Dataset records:
+ + +

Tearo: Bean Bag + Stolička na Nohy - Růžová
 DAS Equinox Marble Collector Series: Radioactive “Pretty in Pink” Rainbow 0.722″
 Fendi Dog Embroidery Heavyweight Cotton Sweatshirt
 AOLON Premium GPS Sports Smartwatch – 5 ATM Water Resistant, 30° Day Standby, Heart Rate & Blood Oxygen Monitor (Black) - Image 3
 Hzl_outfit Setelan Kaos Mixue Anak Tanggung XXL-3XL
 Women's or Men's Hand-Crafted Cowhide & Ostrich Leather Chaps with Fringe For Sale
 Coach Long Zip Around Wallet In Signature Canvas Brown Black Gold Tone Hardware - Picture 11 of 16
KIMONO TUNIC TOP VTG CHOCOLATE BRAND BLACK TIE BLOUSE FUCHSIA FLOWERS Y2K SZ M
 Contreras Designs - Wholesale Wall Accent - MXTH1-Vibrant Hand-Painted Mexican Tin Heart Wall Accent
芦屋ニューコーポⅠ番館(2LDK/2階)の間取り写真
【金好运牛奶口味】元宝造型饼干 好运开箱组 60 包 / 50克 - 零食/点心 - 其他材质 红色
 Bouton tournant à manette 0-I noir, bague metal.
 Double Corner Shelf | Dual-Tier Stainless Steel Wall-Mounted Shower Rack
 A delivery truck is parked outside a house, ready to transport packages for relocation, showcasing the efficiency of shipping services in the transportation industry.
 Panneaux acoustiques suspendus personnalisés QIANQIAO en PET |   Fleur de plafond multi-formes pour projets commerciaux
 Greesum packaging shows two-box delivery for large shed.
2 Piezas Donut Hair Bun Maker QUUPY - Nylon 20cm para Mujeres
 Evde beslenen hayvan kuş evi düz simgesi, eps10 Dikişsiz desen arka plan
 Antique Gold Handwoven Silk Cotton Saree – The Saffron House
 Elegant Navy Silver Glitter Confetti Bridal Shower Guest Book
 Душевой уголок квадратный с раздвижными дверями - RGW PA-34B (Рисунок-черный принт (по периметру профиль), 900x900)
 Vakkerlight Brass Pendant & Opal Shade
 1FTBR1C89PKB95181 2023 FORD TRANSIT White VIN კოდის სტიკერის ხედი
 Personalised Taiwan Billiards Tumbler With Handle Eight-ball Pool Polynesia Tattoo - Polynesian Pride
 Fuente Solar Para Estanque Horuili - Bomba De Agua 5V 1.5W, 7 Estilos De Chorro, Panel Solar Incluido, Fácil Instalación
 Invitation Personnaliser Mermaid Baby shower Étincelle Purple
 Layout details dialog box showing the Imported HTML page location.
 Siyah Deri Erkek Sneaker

+ + +

Task instructions> Collect the lines of the data that carry the word "Cotton".

Answer to this exercise>
 Fendi Dog Embroidery Heavyweight Cotton Sweatshirt
 Antique Gold Handwoven Silk Cotton Saree – The Saffron House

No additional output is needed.